━━━ DATASET EXTRACT ━━━
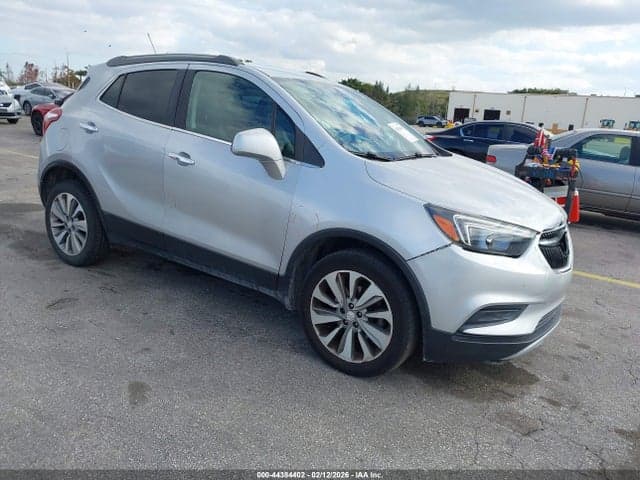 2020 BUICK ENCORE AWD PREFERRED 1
━━━
━━━ DATASET EXTRACT ━━━
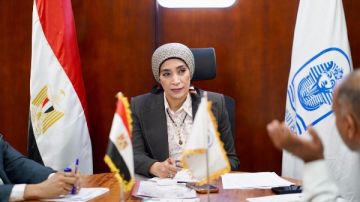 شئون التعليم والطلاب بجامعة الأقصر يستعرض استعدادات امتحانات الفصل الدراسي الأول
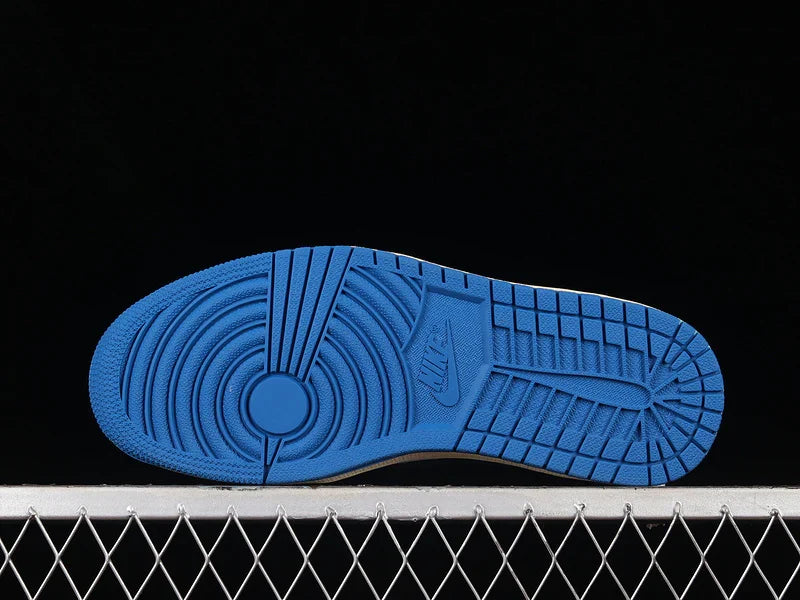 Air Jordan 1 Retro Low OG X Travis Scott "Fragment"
━━━
━━━ DATASET EXTRACT ━━━
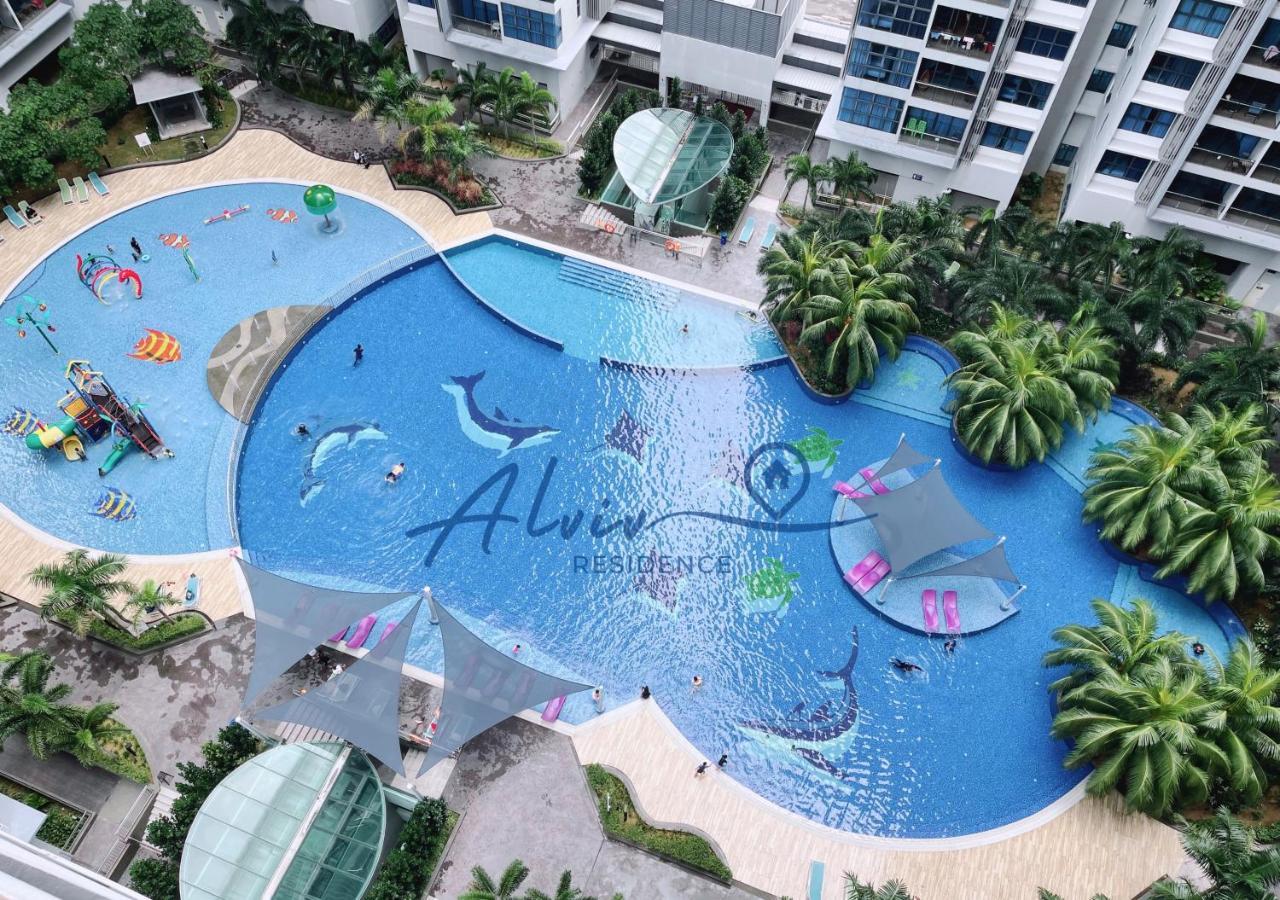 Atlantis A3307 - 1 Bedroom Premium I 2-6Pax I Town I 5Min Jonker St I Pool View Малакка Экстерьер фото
━━━
• TASK STATEMENT
Working from the entries above, please transcribe only the lines from the line with "شئون التعليم والطلاب" through the line with "Air Jordan 1", exactly, with both end lines and without pictures.

• EXPECTED OUTPUT
 شئون التعليم والطلاب بجامعة الأقصر يستعرض استعدادات امتحانات الفصل الدراسي الأول
 Air Jordan 1 Retro Low OG X Travis Scott "Fragment"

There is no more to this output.